Doh! I fed it by saving about 1/4 cup and adding another cup each of flour and water, and a tiny bit of yeast. I'm going to bake in about 6 hours...we'll see what it's like!

The poolish from yesterday had been sitting out for about 17 hours and had developed a skin on the top. What do you do with that?

uk1 Jan 19, 2015 8:55 am


Originally Posted by gfunkdave (Post 24193817)
Doh! I fed it by saving about 1/4 cup and adding another cup each of flour and water, and a tiny bit of yeast. I'm going to bake in about 6 hours...we'll see what it's like!

The poolish from yesterday had been sitting out for about 17 hours and had developed a skin on the top. What do you do with that?

Why?

Bleedin simple instructions .....


So I generally make a mix of equal plain hard Canadian white flour and water and a couple of grammes of yeast and leave it over night in my mixer bowl to save avoidable things to wash. Just a quick mix with a fork and cover it with a shower cap. Then recalculate the water and the flour I add the following day to achieve the hydration percentage I want and add the salt then. Mustn't add salt the previous day as it will kill the yeast.
You can't follow bleedin' simple instructions can you. What did you not understand about me saying this is simple. :eek:

Equal water with flour a few grams of yeast stir it a couple of times put a shower cap over it to keep the cat out and leave it until the following morning. That is it. Nothing more. No feed. No moisturiser. No piles creams.

If it has skin on it either live with it or if you are overwhelmed with the desire to interfere and do something then stir the bleedin' thing. But I promise you no one ever died of a little skin on their poolish. :rolleyes:

:D:p

ps you may of been confused because of us sort of seeing it as digression from sourdough starter. :)

gfunkdave Jan 19, 2015 10:11 am

Yes, yes, sorry, O Wise One. I have failed. But we may still save the day. I will follow Bleedin Simple Instructions next time. I just had all the warnings from The Internet cycling through my head about not overfeeding the yeast, which will eat all the gluten and make the bread not good.

But I will still take photos of what today's efforts yield!
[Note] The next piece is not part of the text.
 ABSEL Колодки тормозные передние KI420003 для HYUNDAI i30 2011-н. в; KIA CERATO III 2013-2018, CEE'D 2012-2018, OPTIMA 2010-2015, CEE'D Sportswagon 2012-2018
OK, so let me re-summarize the whole thing here:

1. Make poolish of 100ml water, 100 g flour, and a pinch (3g or so) yeast.
2. Let poolish bubble overnight
3. When ready to bake, mix the poolish with 250 g flour, 150g water, 6-8g salt, and perhaps a tiny pinch more yeast.
4. Let rise, then envelope folds
5. Let rise again
6. Spray the dough with water and put the dough onto a surface (foil on top of a preheated pizza stone perhaps? Or just a normal cookie sheet?) in a hot oven (220C = 425 F) with steam
7. After 5 mins, remove dough and let the oven dry out
8. Increase temp to 240 C (450 F or so) and bake for 20 mins or so.

Am I getting it all?

uk1 Jan 19, 2015 10:53 am

Dave,

Out of interest, are you a techie by any chance? :p A bloke who likes a clear manual with nothing left to chance. :eek:

Seriously, all my bread making fell into place once I discovered it was nothing to do with recipes but more to do with feeling underlying principles. I struggled for years, gave up loads of times and my success rates were a lottery. Just like you in fact. But once you think of it with as dealing with living breathing feeling stuff and try to understand how it feels about time, heat, water, handling etc it becomes natural and then it is really easy. It is about having an affinity. It is a bit like driving by either a flow chart set of procedures and instructions or doing it instinctively or naturally and making it second nature. If you do it by instructions and procedures you will always need them. If you instead concentrate on what everything does and why then you really are in control as you experiment and play and learn.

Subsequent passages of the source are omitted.